* Task description: Every record must be written out once more, with nothing added or omitted.

* Materials provided:

***

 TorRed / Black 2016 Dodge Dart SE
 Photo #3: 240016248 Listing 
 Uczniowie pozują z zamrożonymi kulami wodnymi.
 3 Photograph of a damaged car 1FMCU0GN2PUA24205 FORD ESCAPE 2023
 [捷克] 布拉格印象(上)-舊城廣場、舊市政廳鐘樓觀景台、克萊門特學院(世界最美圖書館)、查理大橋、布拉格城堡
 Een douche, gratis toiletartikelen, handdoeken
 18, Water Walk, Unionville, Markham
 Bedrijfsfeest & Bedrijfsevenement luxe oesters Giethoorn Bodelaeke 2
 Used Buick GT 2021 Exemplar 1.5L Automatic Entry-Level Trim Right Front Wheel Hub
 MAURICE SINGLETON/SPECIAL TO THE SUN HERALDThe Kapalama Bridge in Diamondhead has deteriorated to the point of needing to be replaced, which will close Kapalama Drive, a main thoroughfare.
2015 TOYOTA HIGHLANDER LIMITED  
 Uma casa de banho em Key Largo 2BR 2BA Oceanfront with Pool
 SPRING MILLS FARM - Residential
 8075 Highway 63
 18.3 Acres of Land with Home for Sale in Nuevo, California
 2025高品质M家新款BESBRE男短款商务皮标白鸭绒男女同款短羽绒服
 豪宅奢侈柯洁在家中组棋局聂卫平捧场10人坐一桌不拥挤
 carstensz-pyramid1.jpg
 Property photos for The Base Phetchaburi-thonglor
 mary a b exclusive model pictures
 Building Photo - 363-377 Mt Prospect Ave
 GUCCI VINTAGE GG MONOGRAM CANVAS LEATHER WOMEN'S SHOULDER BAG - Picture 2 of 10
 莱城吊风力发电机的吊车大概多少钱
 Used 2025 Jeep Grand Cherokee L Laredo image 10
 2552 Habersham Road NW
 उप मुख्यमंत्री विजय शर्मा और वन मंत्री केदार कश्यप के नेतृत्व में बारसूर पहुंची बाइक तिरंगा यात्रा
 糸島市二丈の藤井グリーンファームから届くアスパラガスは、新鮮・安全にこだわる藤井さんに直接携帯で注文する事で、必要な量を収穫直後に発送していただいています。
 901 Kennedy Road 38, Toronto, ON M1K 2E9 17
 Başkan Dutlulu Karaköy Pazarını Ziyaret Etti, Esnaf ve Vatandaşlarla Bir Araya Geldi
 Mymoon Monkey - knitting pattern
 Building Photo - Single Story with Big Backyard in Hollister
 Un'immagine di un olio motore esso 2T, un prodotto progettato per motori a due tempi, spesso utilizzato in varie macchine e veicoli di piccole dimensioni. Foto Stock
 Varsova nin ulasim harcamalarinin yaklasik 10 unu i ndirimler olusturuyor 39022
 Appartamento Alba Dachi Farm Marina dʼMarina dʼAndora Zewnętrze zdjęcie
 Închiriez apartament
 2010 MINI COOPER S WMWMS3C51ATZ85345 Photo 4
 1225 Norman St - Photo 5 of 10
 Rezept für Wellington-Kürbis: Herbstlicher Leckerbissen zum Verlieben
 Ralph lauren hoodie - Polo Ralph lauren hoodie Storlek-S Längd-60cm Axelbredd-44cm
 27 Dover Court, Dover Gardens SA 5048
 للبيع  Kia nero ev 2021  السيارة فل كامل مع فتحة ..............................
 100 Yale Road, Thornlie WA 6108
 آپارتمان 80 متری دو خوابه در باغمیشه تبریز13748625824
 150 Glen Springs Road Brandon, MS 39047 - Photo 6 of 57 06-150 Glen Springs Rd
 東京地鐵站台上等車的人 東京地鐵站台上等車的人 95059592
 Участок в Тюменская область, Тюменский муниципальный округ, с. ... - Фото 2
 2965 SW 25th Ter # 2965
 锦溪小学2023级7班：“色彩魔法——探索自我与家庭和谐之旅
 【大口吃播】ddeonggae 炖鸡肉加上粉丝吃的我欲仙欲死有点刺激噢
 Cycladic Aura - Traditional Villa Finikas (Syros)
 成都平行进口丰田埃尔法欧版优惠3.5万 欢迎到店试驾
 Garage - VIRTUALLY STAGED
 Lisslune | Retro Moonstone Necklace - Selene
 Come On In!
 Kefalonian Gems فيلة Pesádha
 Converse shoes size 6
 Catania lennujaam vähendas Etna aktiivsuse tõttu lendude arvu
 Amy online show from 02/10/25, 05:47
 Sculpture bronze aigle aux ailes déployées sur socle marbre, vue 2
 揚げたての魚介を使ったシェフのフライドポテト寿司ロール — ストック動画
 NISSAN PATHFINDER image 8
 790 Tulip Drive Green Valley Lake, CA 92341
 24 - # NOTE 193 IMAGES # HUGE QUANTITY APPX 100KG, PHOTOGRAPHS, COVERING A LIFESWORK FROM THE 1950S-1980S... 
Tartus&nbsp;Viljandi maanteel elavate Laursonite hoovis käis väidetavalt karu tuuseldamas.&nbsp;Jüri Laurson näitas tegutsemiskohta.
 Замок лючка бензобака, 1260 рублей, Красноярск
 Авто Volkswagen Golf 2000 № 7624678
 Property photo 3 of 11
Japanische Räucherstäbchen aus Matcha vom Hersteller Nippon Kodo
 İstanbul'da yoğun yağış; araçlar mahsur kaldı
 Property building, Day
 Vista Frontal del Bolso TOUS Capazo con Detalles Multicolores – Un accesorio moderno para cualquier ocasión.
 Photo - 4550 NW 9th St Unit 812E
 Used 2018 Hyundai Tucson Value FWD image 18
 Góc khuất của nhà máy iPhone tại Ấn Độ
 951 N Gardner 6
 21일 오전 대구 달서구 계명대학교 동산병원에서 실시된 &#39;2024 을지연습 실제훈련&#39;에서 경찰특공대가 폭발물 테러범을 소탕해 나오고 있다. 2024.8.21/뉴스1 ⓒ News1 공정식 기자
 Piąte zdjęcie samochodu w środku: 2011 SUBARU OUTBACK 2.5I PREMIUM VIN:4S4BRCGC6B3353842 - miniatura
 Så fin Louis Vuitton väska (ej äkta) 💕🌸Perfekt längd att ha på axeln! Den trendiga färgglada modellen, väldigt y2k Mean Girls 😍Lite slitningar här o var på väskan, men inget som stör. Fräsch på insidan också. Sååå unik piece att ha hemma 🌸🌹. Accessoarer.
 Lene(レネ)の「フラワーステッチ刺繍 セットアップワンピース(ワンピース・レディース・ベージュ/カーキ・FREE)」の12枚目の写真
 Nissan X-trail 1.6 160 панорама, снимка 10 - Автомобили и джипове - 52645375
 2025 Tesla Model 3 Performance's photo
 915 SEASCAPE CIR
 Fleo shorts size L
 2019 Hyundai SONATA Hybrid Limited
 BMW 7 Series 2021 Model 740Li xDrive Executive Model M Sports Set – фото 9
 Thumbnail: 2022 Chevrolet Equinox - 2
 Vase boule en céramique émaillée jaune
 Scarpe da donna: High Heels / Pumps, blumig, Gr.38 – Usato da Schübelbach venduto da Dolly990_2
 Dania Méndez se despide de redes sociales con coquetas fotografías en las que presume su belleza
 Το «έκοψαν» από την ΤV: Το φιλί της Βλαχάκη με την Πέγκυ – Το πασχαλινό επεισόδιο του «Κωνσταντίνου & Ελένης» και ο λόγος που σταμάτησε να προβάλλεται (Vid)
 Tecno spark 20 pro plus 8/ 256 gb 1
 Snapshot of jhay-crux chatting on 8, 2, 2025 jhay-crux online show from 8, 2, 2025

***

* Written solution:
 TorRed / Black 2016 Dodge Dart SE
 Photo #3: 240016248 Listing 
 Uczniowie pozują z zamrożonymi kulami wodnymi.
 3 Photograph of a damaged car 1FMCU0GN2PUA24205 FORD ESCAPE 2023
 [捷克] 布拉格印象(上)-舊城廣場、舊市政廳鐘樓觀景台、克萊門特學院(世界最美圖書館)、查理大橋、布拉格城堡
 Een douche, gratis toiletartikelen, handdoeken
 18, Water Walk, Unionville, Markham
 Bedrijfsfeest & Bedrijfsevenement luxe oesters Giethoorn Bodelaeke 2
 Used Buick GT 2021 Exemplar 1.5L Automatic Entry-Level Trim Right Front Wheel Hub
 MAURICE SINGLETON/SPECIAL TO THE SUN HERALDThe Kapalama Bridge in Diamondhead has deteriorated to the point of needing to be replaced, which will close Kapalama Drive, a main thoroughfare.
2015 TOYOTA HIGHLANDER LIMITED  
 Uma casa de banho em Key Largo 2BR 2BA Oceanfront with Pool
 SPRING MILLS FARM - Residential
 8075 Highway 63
 18.3 Acres of Land with Home for Sale in Nuevo, California
 2025高品质M家新款BESBRE男短款商务皮标白鸭绒男女同款短羽绒服
 豪宅奢侈柯洁在家中组棋局聂卫平捧场10人坐一桌不拥挤
 carstensz-pyramid1.jpg
 Property photos for The Base Phetchaburi-thonglor
 mary a b exclusive model pictures
 Building Photo - 363-377 Mt Prospect Ave
 GUCCI VINTAGE GG MONOGRAM CANVAS LEATHER WOMEN'S SHOULDER BAG - Picture 2 of 10
 莱城吊风力发电机的吊车大概多少钱
 Used 2025 Jeep Grand Cherokee L Laredo image 10
 2552 Habersham Road NW
 उप मुख्यमंत्री विजय शर्मा और वन मंत्री केदार कश्यप के नेतृत्व में बारसूर पहुंची बाइक तिरंगा यात्रा
 糸島市二丈の藤井グリーンファームから届くアスパラガスは、新鮮・安全にこだわる藤井さんに直接携帯で注文する事で、必要な量を収穫直後に発送していただいています。
 901 Kennedy Road 38, Toronto, ON M1K 2E9 17
 Başkan Dutlulu Karaköy Pazarını Ziyaret Etti, Esnaf ve Vatandaşlarla Bir Araya Geldi
 Mymoon Monkey - knitting pattern
 Building Photo - Single Story with Big Backyard in Hollister
 Un'immagine di un olio motore esso 2T, un prodotto progettato per motori a due tempi, spesso utilizzato in varie macchine e veicoli di piccole dimensioni. Foto Stock
 Varsova nin ulasim harcamalarinin yaklasik 10 unu i ndirimler olusturuyor 39022
 Appartamento Alba Dachi Farm Marina dʼMarina dʼAndora Zewnętrze zdjęcie
 Închiriez apartament
 2010 MINI COOPER S WMWMS3C51ATZ85345 Photo 4
 1225 Norman St - Photo 5 of 10
 Rezept für Wellington-Kürbis: Herbstlicher Leckerbissen zum Verlieben
 Ralph lauren hoodie - Polo Ralph lauren hoodie Storlek-S Längd-60cm Axelbredd-44cm
 27 Dover Court, Dover Gardens SA 5048
 للبيع  Kia nero ev 2021  السيارة فل كامل مع فتحة ..............................
 100 Yale Road, Thornlie WA 6108
 آپارتمان 80 متری دو خوابه در باغمیشه تبریز13748625824
 150 Glen Springs Road Brandon, MS 39047 - Photo 6 of 57 06-150 Glen Springs Rd
 東京地鐵站台上等車的人 東京地鐵站台上等車的人 95059592
 Участок в Тюменская область, Тюменский муниципальный округ, с. ... - Фото 2
 2965 SW 25th Ter # 2965
 锦溪小学2023级7班：“色彩魔法——探索自我与家庭和谐之旅
 【大口吃播】ddeonggae 炖鸡肉加上粉丝吃的我欲仙欲死有点刺激噢
 Cycladic Aura - Traditional Villa Finikas (Syros)
 成都平行进口丰田埃尔法欧版优惠3.5万 欢迎到店试驾
 Garage - VIRTUALLY STAGED
 Lisslune | Retro Moonstone Necklace - Selene
 Come On In!
 Kefalonian Gems فيلة Pesádha
 Converse shoes size 6
 Catania lennujaam vähendas Etna aktiivsuse tõttu lendude arvu
 Amy online show from 02/10/25, 05:47
 Sculpture bronze aigle aux ailes déployées sur socle marbre, vue 2
 揚げたての魚介を使ったシェフのフライドポテト寿司ロール — ストック動画
 NISSAN PATHFINDER image 8
 790 Tulip Drive Green Valley Lake, CA 92341
 24 - # NOTE 193 IMAGES # HUGE QUANTITY APPX 100KG, PHOTOGRAPHS, COVERING A LIFESWORK FROM THE 1950S-1980S... 
Tartus&nbsp;Viljandi maanteel elavate Laursonite hoovis käis väidetavalt karu tuuseldamas.&nbsp;Jüri Laurson näitas tegutsemiskohta.
 Замок лючка бензобака, 1260 рублей, Красноярск
 Авто Volkswagen Golf 2000 № 7624678
 Property photo 3 of 11
Japanische Räucherstäbchen aus Matcha vom Hersteller Nippon Kodo
 İstanbul'da yoğun yağış; araçlar mahsur kaldı
 Property building, Day
 Vista Frontal del Bolso TOUS Capazo con Detalles Multicolores – Un accesorio moderno para cualquier ocasión.
 Photo - 4550 NW 9th St Unit 812E
 Used 2018 Hyundai Tucson Value FWD image 18
 Góc khuất của nhà máy iPhone tại Ấn Độ
 951 N Gardner 6
 21일 오전 대구 달서구 계명대학교 동산병원에서 실시된 &#39;2024 을지연습 실제훈련&#39;에서 경찰특공대가 폭발물 테러범을 소탕해 나오고 있다. 2024.8.21/뉴스1 ⓒ News1 공정식 기자
 Piąte zdjęcie samochodu w środku: 2011 SUBARU OUTBACK 2.5I PREMIUM VIN:4S4BRCGC6B3353842 - miniatura
 Så fin Louis Vuitton väska (ej äkta) 💕🌸Perfekt längd att ha på axeln! Den trendiga färgglada modellen, väldigt y2k Mean Girls 😍Lite slitningar här o var på väskan, men inget som stör. Fräsch på insidan också. Sååå unik piece att ha hemma 🌸🌹. Accessoarer.
 Lene(レネ)の「フラワーステッチ刺繍 セットアップワンピース(ワンピース・レディース・ベージュ/カーキ・FREE)」の12枚目の写真
 Nissan X-trail 1.6 160 панорама, снимка 10 - Автомобили и джипове - 52645375
 2025 Tesla Model 3 Performance's photo
 915 SEASCAPE CIR
 Fleo shorts size L
 2019 Hyundai SONATA Hybrid Limited
 BMW 7 Series 2021 Model 740Li xDrive Executive Model M Sports Set – фото 9
 Thumbnail: 2022 Chevrolet Equinox - 2
 Vase boule en céramique émaillée jaune
 Scarpe da donna: High Heels / Pumps, blumig, Gr.38 – Usato da Schübelbach venduto da Dolly990_2
 Dania Méndez se despide de redes sociales con coquetas fotografías en las que presume su belleza
 Το «έκοψαν» από την ΤV: Το φιλί της Βλαχάκη με την Πέγκυ – Το πασχαλινό επεισόδιο του «Κωνσταντίνου & Ελένης» και ο λόγος που σταμάτησε να προβάλλεται (Vid)
 Tecno spark 20 pro plus 8/ 256 gb 1
 Snapshot of jhay-crux chatting on 8, 2, 2025 jhay-crux online show from 8, 2, 2025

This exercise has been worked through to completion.